Eager to confirm accounts of spectral activity at Casa Azul, Artnet News emailed the museum and asked if we could talk with director Hilda Trujillo Soto about whether she’d had any ghostly encounters. A publicist rebuffed us, saying: “the Frida Kahlo Museum as an institution can’t make that kind of statement.”

Guillermo Kahlo, Frida Kahlo (circa 1926). Courtesy of the Frida Kahlo & Diego Rivera Archives. Bank of Mexico, Fiduciary in the Diego Rivera and Frida Kahlo Museum Trust.

Guillermo Kahlo, Frida Kahlo (circa 1926). Courtesy of the Frida Kahlo & Diego Rivera Archives. Bank of Mexico, Fiduciary in the Diego Rivera and Frida Kahlo Museum Trust.

Catherine Morris, the senior curator for the Elizabeth A. Sackler Center for Feminist Art at the Brooklyn Museum, which last year hosted “Frida Kahlo: Appearances Can Be Deceiving,” a blockbuster exhibition of the artist’s personal effects, was more game.

“I just talked to Lisa Small, my Kahlo partner-in-crime at the museum, and neither of us have heard of a Kahlo ghost,” Morris told Artnet News in an email. “We wish we had!”

“While she didn’t visit us in Brooklyn while her show was up, we’d like to let her know she has an open invitation,” Morris added. “I expect if she does decide to stop by, we’ll know because the scent of Marlboros and Shalimar will proceed her.” (Kahlo was quite the smoker, and Shalimar was her favorite perfume.)

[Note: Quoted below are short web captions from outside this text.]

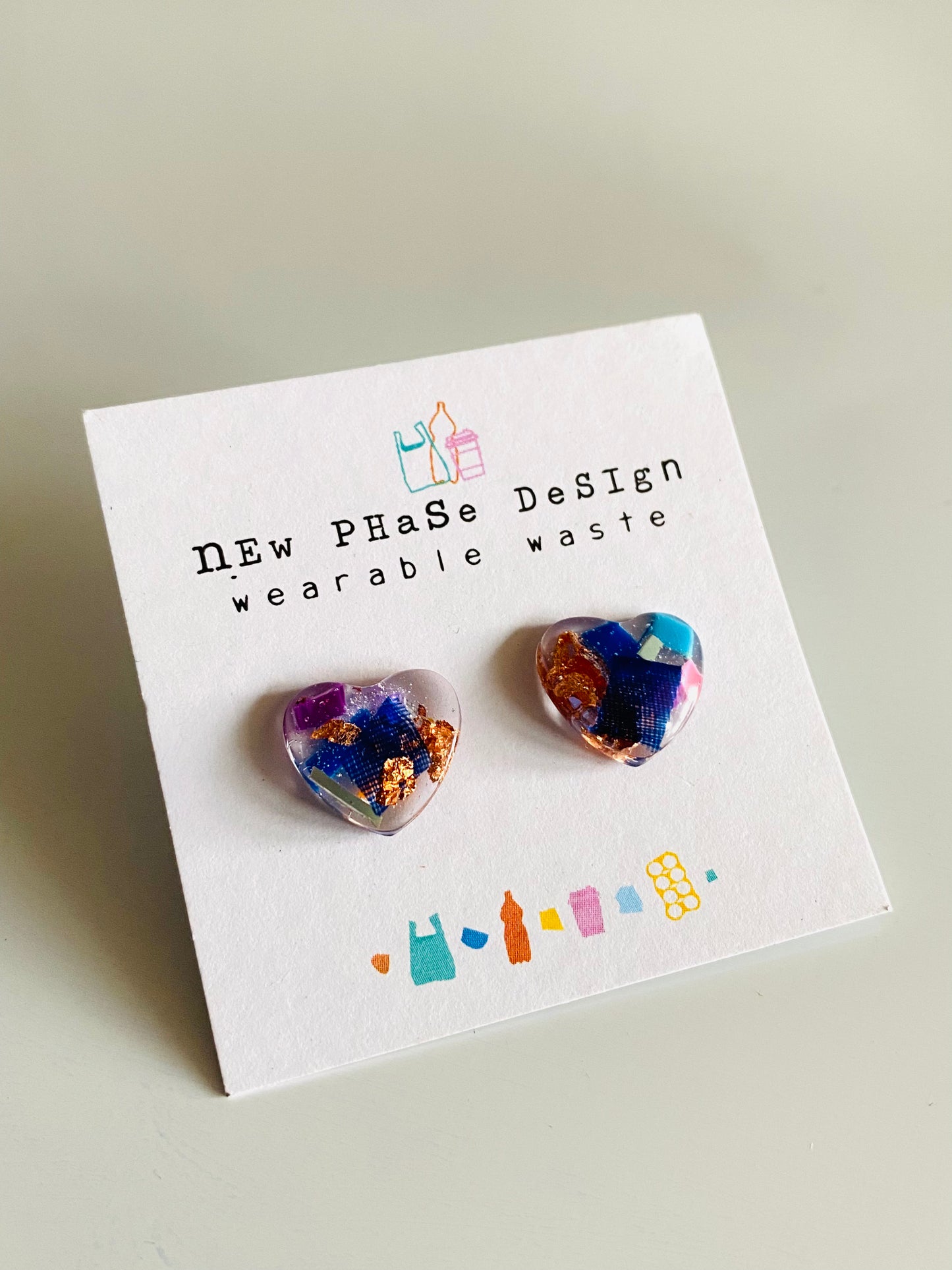 Beach clean - heart studs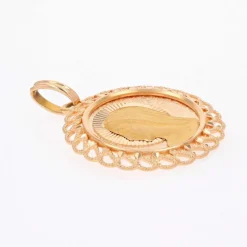 Médaille or rose Vierge Marie bordure ajourée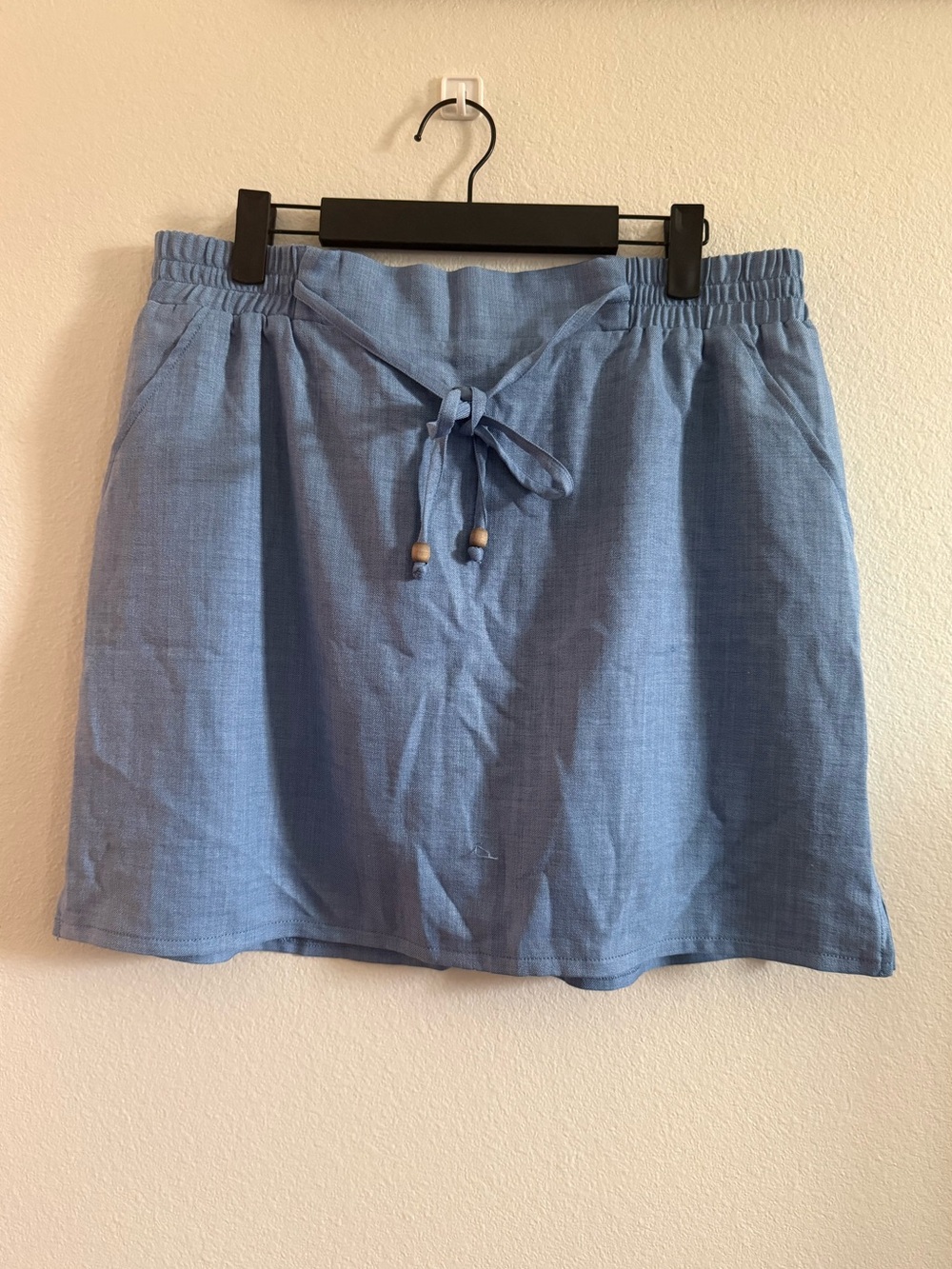 Soho Apparel Light Blue Drawstring Mini Skirt with Wood Bead Accents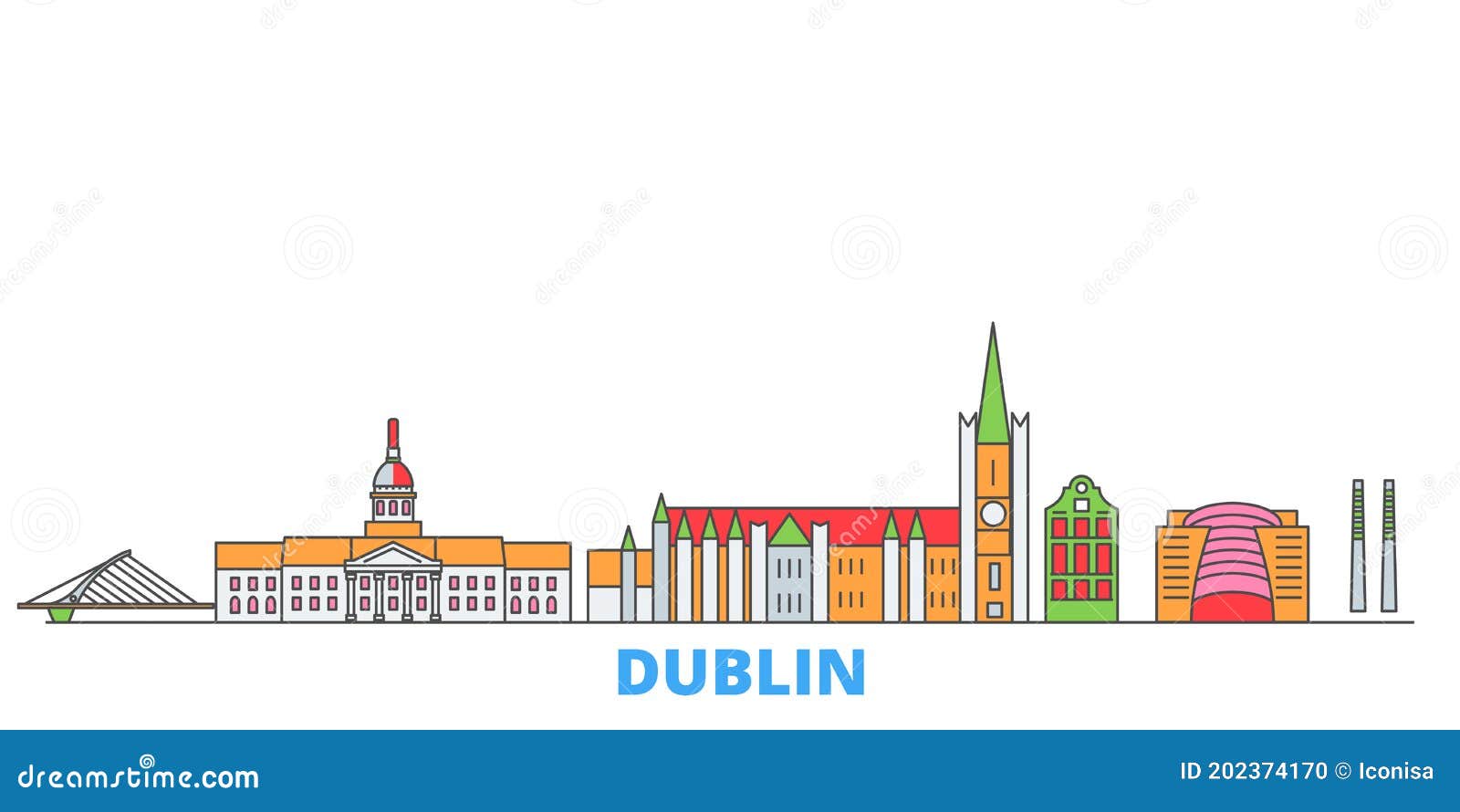 Irland, Dublin Line Cityscape, Flat Vector. Travel City Landmark ...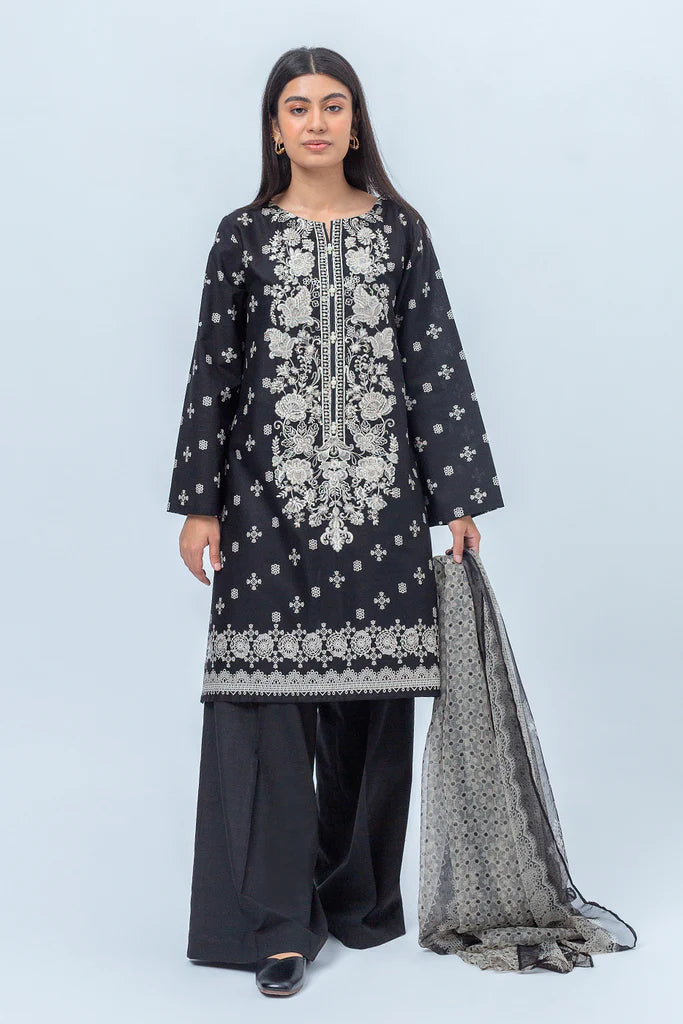 BEECHTREE | 3 Piece Unstitched Cambric Suit | Midnight Black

Items from the Museo Frida Kahlo. Photograph by Javier Hinojosa. Diego Rivera and Frida Kahlo Archives, Banco de México, Fiduciary of the Trust of the Diego Rivera and Frida Kahlo Museums. Museo Frida Kahlo.

A publicist at the de Young Museum was also disappointed to report that there have no been reports of haunted happenings at the exhibition during its current run in San Francisco—even during the six months the show was entirely closed to visitors.

“Her objects are very much charged with the essence of her persona,” exhibition curator Circe Henestrosa wrote in an email to Artnet News. “I am not sure if I would say her ghost is still lingering around, but the essence of who she was as a woman and as an artist is very much still here with us.”

Because her art was so deeply personal, it’s no wonder that art lovers feel so closely connected to Kahlo that they’d welcome the chance to encounter her ghost. One Kahlo expert even had some advice as to how you might do just that.

“Frida is everywhere,” dealer Mary-Anne Martin, who specializes in Mexican and Latin American art, told Artnet News in an email. “If you want to see her on the Day of the Dead you should leave her some good tequila. She’ll like that.”

“Frida Kahlo: Appearances Can Be Deceiving” is on view at the de Young Museum, Golden Gate Park, 50 Hagiwara Tea Garden Drive, San Francisco, California, September 25, 2020–February 7, 2021.